■ **EXERCISE OBJECTIVE**: In the records below, find the line that contains "Eine Kellnerin trägt" and the line that contains "a kitchen with stainless", then retype exactly those two lines and every line between them.

Short text fragments from websites
◆ ◆ ◆ ◆ ◆

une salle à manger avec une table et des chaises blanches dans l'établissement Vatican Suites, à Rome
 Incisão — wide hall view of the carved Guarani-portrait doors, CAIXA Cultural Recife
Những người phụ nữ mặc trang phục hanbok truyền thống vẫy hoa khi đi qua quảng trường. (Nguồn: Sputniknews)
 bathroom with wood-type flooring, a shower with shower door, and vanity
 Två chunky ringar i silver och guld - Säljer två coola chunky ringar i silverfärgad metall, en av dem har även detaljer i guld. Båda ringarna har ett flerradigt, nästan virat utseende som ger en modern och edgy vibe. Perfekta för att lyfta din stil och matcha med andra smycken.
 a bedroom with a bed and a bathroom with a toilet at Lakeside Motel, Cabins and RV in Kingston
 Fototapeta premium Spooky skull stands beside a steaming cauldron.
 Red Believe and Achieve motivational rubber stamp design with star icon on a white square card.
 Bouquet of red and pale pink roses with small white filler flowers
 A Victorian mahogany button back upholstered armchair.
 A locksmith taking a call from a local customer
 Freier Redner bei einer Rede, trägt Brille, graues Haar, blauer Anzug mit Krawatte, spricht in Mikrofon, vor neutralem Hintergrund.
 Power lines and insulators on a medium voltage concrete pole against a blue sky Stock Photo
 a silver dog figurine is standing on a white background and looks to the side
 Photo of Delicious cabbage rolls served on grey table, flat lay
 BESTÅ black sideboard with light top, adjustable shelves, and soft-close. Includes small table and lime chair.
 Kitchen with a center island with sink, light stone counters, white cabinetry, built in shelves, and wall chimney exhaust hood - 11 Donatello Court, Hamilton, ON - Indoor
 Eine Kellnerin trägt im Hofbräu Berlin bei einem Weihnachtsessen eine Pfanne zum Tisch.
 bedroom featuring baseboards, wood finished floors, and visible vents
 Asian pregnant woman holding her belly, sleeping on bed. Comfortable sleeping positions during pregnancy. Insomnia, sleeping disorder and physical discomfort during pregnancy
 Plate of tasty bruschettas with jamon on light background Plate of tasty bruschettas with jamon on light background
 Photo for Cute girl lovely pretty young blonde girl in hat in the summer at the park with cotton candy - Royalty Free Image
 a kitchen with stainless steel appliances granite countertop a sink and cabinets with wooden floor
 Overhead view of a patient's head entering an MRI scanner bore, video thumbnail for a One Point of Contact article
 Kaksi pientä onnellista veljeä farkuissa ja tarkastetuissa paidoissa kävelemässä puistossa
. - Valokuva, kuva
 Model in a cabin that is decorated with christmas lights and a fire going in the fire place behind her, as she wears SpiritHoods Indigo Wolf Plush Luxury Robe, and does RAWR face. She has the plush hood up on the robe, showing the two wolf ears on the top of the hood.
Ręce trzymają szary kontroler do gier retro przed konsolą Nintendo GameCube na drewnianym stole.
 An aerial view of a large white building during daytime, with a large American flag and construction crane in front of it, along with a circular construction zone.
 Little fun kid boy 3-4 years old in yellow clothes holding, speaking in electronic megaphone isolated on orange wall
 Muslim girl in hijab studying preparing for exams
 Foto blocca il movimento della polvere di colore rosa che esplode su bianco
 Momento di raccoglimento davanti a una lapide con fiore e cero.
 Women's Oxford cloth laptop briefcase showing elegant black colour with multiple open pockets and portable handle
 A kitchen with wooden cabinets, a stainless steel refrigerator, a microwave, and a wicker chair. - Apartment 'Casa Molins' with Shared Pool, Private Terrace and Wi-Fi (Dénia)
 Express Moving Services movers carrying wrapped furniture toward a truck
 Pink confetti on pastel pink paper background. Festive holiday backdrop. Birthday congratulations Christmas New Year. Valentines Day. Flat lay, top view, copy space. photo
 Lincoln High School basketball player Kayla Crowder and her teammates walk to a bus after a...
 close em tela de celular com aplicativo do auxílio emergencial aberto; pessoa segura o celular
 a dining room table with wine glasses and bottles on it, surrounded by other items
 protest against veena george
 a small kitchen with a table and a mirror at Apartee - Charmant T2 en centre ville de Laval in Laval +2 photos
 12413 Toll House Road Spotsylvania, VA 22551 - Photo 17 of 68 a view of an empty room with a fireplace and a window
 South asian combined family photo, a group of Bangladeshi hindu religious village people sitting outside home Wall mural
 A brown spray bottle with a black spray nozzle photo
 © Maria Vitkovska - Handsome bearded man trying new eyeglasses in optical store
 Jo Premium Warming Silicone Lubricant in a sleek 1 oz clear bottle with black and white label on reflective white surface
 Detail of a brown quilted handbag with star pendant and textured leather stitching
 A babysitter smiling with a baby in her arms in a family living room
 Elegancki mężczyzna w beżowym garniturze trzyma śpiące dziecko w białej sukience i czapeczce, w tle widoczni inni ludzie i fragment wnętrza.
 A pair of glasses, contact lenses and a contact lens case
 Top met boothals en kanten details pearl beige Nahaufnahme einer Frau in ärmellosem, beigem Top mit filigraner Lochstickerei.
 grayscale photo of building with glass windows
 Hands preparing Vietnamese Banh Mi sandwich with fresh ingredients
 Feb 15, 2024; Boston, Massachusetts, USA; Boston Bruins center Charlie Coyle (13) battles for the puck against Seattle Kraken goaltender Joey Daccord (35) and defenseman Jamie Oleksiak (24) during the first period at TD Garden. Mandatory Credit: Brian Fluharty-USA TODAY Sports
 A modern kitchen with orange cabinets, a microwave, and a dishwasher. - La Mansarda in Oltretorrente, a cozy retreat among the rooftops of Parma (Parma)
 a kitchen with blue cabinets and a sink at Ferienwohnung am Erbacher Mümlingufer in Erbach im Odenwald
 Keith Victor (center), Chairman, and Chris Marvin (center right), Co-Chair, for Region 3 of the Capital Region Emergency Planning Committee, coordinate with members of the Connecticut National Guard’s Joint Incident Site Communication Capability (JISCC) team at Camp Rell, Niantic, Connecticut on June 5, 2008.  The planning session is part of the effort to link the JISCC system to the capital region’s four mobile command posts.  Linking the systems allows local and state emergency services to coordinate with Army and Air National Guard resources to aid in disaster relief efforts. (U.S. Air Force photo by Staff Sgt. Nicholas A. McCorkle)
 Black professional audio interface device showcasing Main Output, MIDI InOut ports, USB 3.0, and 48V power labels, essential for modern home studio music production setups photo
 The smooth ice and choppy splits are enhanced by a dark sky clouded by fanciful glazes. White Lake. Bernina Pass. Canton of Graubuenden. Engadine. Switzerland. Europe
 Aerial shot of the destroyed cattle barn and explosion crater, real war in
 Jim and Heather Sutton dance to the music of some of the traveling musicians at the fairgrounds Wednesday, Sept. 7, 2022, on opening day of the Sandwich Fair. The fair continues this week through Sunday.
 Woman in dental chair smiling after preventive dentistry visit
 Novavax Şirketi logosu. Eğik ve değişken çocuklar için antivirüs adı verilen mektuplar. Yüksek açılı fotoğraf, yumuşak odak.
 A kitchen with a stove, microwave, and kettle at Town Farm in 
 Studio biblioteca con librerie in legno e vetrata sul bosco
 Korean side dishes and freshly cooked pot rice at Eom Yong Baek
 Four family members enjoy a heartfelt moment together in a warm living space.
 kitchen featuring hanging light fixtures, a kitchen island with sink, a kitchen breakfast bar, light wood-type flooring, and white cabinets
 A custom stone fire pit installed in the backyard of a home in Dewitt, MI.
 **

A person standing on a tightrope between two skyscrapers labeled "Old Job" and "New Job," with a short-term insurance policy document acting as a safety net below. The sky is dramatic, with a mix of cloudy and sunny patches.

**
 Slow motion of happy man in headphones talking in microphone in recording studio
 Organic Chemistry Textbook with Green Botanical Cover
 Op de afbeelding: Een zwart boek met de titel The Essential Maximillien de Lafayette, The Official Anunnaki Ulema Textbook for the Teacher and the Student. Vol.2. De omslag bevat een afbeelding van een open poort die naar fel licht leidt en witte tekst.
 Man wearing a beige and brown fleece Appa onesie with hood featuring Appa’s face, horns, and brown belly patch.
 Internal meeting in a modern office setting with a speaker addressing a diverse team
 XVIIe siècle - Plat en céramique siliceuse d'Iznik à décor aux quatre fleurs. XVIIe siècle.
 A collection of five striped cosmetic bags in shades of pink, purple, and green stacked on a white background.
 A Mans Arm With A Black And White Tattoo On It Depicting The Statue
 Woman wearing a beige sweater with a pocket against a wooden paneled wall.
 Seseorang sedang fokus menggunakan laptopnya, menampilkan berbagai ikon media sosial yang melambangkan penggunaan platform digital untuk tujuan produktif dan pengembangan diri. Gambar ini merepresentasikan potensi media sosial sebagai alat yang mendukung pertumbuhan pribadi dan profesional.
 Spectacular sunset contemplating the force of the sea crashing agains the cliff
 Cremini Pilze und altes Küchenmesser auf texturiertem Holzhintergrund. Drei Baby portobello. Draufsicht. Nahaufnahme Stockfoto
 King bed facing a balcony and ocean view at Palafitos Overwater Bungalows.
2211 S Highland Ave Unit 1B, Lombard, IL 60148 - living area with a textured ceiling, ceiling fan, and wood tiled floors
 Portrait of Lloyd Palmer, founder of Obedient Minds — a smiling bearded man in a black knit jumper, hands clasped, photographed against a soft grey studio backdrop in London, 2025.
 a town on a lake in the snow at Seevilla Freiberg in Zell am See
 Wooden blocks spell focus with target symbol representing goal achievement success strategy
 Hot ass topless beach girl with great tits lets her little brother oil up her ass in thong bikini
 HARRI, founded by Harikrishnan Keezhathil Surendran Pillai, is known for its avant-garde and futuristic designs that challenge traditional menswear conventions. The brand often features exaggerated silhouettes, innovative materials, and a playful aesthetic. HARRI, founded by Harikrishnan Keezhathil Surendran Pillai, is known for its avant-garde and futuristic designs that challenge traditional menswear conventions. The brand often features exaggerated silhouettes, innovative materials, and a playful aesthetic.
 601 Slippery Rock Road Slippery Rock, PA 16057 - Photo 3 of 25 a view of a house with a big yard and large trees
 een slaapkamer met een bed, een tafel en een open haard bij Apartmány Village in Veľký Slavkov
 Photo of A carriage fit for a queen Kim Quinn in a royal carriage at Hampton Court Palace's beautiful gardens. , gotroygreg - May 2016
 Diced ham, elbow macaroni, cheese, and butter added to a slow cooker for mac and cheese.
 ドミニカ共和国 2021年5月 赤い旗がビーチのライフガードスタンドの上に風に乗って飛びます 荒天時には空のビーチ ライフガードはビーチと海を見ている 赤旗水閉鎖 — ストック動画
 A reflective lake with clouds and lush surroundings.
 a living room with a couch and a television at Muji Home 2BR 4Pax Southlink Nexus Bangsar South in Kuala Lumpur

◆ ◆ ◆ ◆ ◆

■ **WRITTEN REPLY**:
 Eine Kellnerin trägt im Hofbräu Berlin bei einem Weihnachtsessen eine Pfanne zum Tisch.
 bedroom featuring baseboards, wood finished floors, and visible vents
 Asian pregnant woman holding her belly, sleeping on bed. Comfortable sleeping positions during pregnancy. Insomnia, sleeping disorder and physical discomfort during pregnancy
 Plate of tasty bruschettas with jamon on light background Plate of tasty bruschettas with jamon on light background
 Photo for Cute girl lovely pretty young blonde girl in hat in the summer at the park with cotton candy - Royalty Free Image
 a kitchen with stainless steel appliances granite countertop a sink and cabinets with wooden floor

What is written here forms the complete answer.